/---

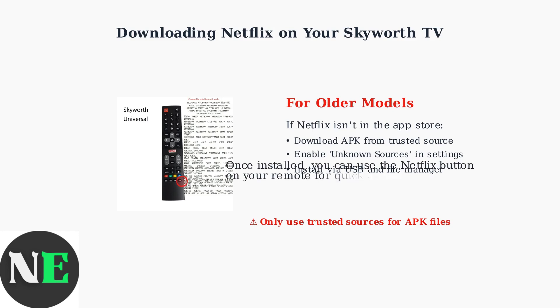Once Netflix is installed through any of these methods, you can use the dedicated Netflix button on your SkyWorth remote for quick and easy access to the streaming service.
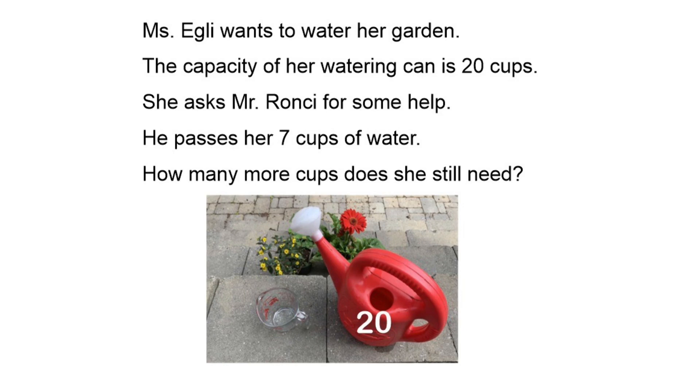One more time — your word problem today says: Miss Egli wants to water her garden. The capacity of her watering can is 20 cups. She asked Mr. Ronci for some help. He passes her seven cups of water. How many more cups does she still need? Enjoy your math.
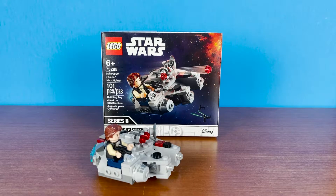Hey everyone, Mayfake1210 here, and today I have the 75295 Millennium Falcon Microfighter. This is the third Millennium Falcon Microfighter. It's from 2021, has 101 pieces, and retails for $10. Without further ado, let's get into it.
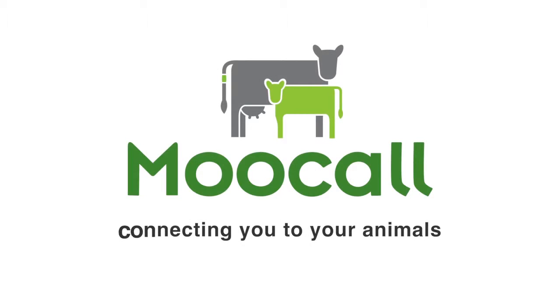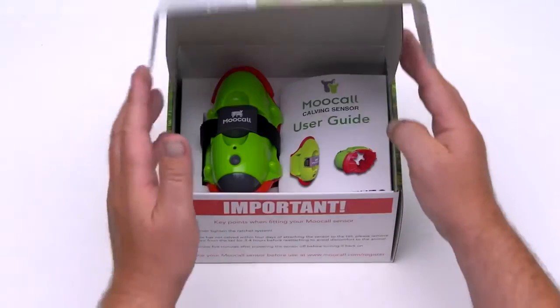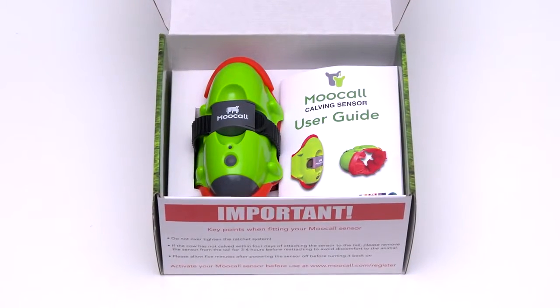The MUCOL calving sensor, connecting you to your animals. Congratulations on choosing a MUCOL calving sensor, the remote calving sensor that accurately predicts when a cow is about to give birth.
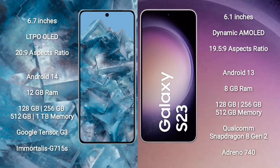Google Pixel 8 Pro comes with a 6.7-inch LTPO LED display and aspect ratio 20:9. Google Pixel 8 Pro runs on the Android 14 operating system. Samsung Galaxy S23 runs on the Android 13 operating system.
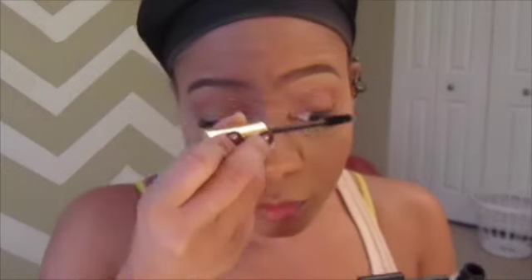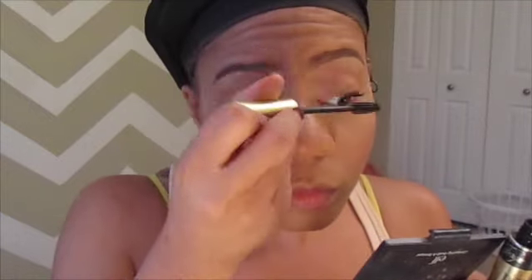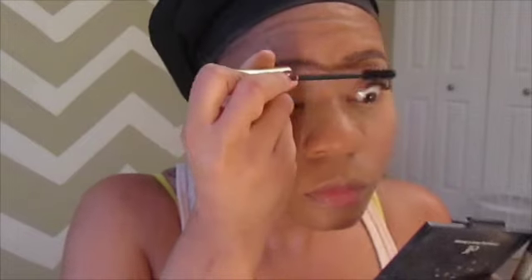Looks like I'm all out of that blush — I need some more. Here I'm taking Wet n Wild mascara by Fergie and I love it. As soon as I apply it my eyelashes pop. I don't even really need eyeliner if I didn't want to, but the eyeliner makes it pop. My eyes transform just like that without even using eyeliner.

\---

*PROBLEM STATEMENT:*
The copy you produce must hold all the records above exactly and none of their pictures.

*TASK ANSWER:*
Once Netflix is installed through any of these methods, you can use the dedicated Netflix button on your SkyWorth remote for quick and easy access to the streaming service.
One more time — your word problem today says: Miss Egli wants to water her garden. The capacity of her watering can is 20 cups. She asked Mr. Ronci for some help. He passes her seven cups of water. How many more cups does she still need? Enjoy your math.
Hey everyone, Mayfake1210 here, and today I have the 75295 Millennium Falcon Microfighter. This is the third Millennium Falcon Microfighter. It's from 2021, has 101 pieces, and retails for $10. Without further ado, let's get into it.
The MUCOL calving sensor, connecting you to your animals. Congratulations on choosing a MUCOL calving sensor, the remote calving sensor that accurately predicts when a cow is about to give birth.
Google Pixel 8 Pro comes with a 6.7-inch LTPO LED display and aspect ratio 20:9. Google Pixel 8 Pro runs on the Android 14 operating system. Samsung Galaxy S23 runs on the Android 13 operating system.
Looks like I'm all out of that blush — I need some more. Here I'm taking Wet n Wild mascara by Fergie and I love it. As soon as I apply it my eyelashes pop. I don't even really need eyeliner if I didn't want to, but the eyeliner makes it pop. My eyes transform just like that without even using eyeliner.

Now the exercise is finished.